“Thank you, Hollywood Foreign Press. Just to pick up on what Hugh Laurie said: You and all of us in this room really belong to the most vilified segments in American society right now. Think about it: Hollywood, foreigners and the press.
But who are we, and what is Hollywood anyway? It’s just a bunch of people from other places. I was born and raised and educated in the public schools of New Jersey. Viola was born in a sharecropper’s cabin in South Carolina, came up in Central Falls, Rhode Island; Sarah Paulson was born in Florida, raised by a single mum in Brooklyn. Sarah Jessica Parker was one of seven or eight kids in Ohio. Amy Adams was born in Vicenza, Italy. And Natalie Portman was born in Jerusalem. Where are their birth certificates? And the beautiful Ruth Negga was born in Addis Ababa, Ethiopia, raised in London — no, in Ireland I do believe, and she’s here nominated for playing a girl in small-town Virginia.

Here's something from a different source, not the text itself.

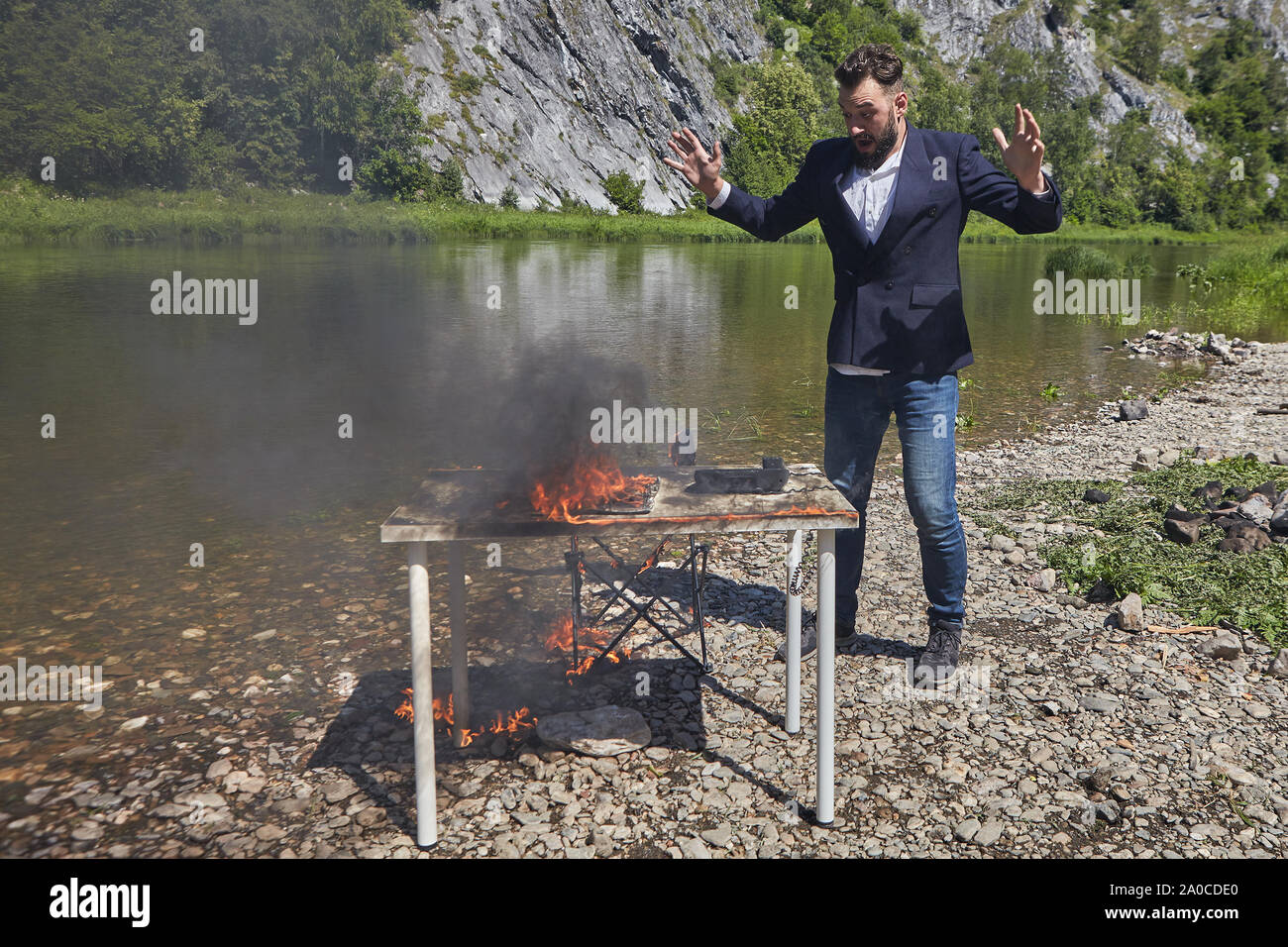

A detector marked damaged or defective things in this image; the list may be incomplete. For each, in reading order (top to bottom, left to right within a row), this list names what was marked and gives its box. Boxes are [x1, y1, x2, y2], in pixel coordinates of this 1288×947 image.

Ryan Gosling, like all of the nicest people, is Canadian, and Dev Patel was born in Kenya, raised in London, and is here playing an Indian raised in Tasmania. So Hollywood is crawling with outsiders and foreigners. And if we kick them all out you’ll have nothing to watch but football and mixed martial arts, which are not the arts.”

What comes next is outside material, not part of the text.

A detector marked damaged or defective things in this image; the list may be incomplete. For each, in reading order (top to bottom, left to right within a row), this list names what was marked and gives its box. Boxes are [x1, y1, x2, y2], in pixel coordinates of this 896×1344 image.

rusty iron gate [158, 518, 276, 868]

Art, cinema and the creative industry isn’t defined by geographical boundaries because the projection is universal, and it is the amalgamation of different cultures and backgrounds that bring to the fore amazing stories and breathtaking performances. In today’s time where there are a lot of attacks on the freedom of expression, Meryl Streep’s speech comes as a whiff of fresh air. Managing Director Manish Tiwari said: “In the wake of many activities, which have taken place last year such as the banning of artists, there should be a global agreement to protect the freedom of movement of artists across the world.”